• EXERCISE:
Print, with no pictures, the exact lines that run from the one containing "Многофункциональный минитрактор Garden" through the last line of the material below, both ends included.

• DATA TO USE:

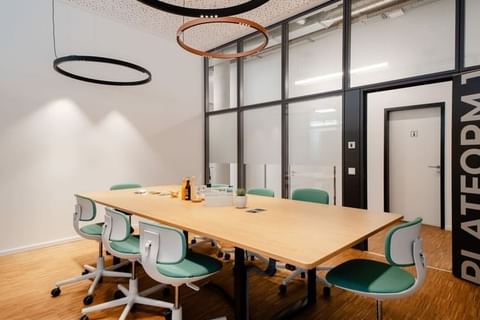 Meeting rooms — GoodSpaces Parkside, Karlsruhe
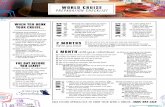 World Cruise Planning Checklist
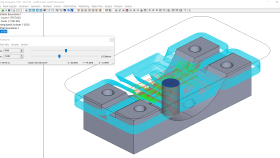 Fanuc / Siemens / Mitsubishi / Uyumlu CNC CAM Programlama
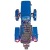 Многофункциональный минитрактор Garden Scout (Скаут) T-15DIF VT + двухкопрусный плуг + почвофреза в Йошкар-Оле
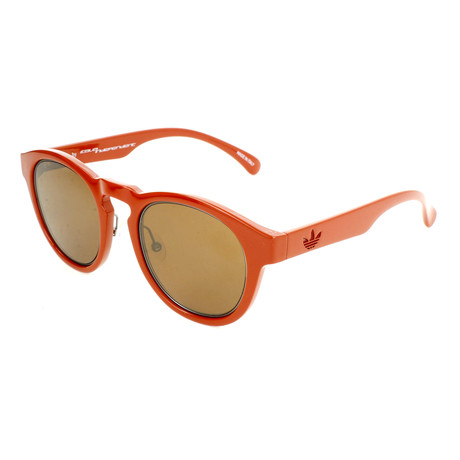 Unisex AORP004 TAKE Sunglasses // Brown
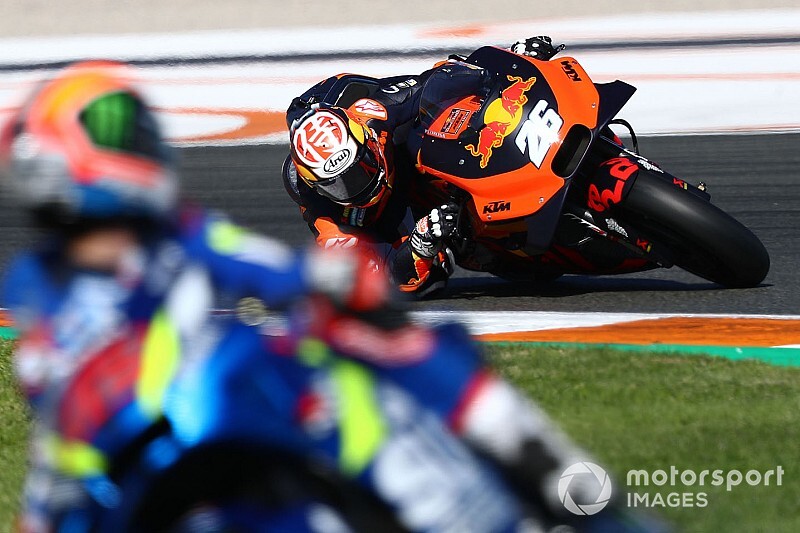 Las fotos del primer test de pretemporada de MotoGP en Valencia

• WRITTEN SOLUTION:
 Многофункциональный минитрактор Garden Scout (Скаут) T-15DIF VT + двухкопрусный плуг + почвофреза в Йошкар-Оле
 Unisex AORP004 TAKE Sunglasses // Brown
 Las fotos del primer test de pretemporada de MotoGP en Valencia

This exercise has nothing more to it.